··· DATASET SECTION ···

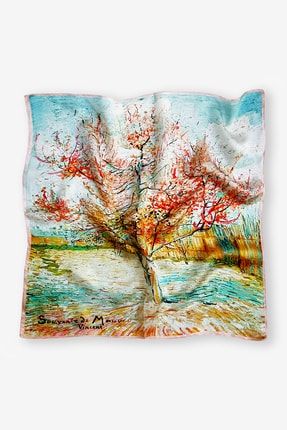 Van Gogh-pınk Trees %100 Ipek Fular 55x55cm 'art On Silk' 55x55P.Tree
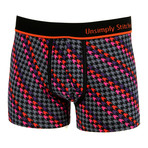 Houndstooth Boxer Trunk // Grey + Multi (L)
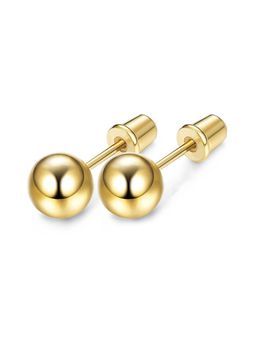 Peora - 6 mm Gold Stainless Steel Ball Stud Earrings for Men (PX9ME06G (S)
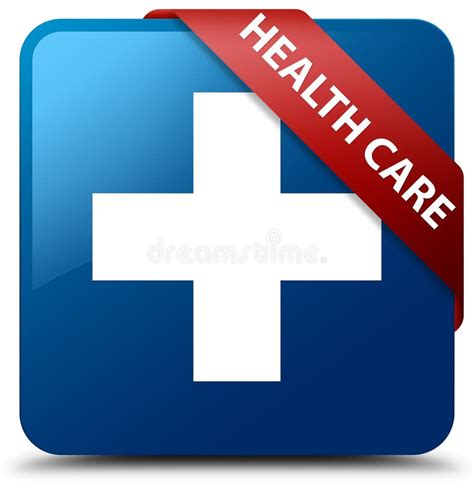 Health Care Plus Sign Blue Square Button Red Ribbon In Corner Stock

···

_PROBLEM TO WORK ON:_
The lines from the one containing "Peora - 6 mm" through the last line of the data above are to be transcribed exactly, both included, with all pictures left out.

_OUTPUT OF THE EXERCISE:_
 Peora - 6 mm Gold Stainless Steel Ball Stud Earrings for Men (PX9ME06G (S)
 Health Care Plus Sign Blue Square Button Red Ribbon In Corner Stock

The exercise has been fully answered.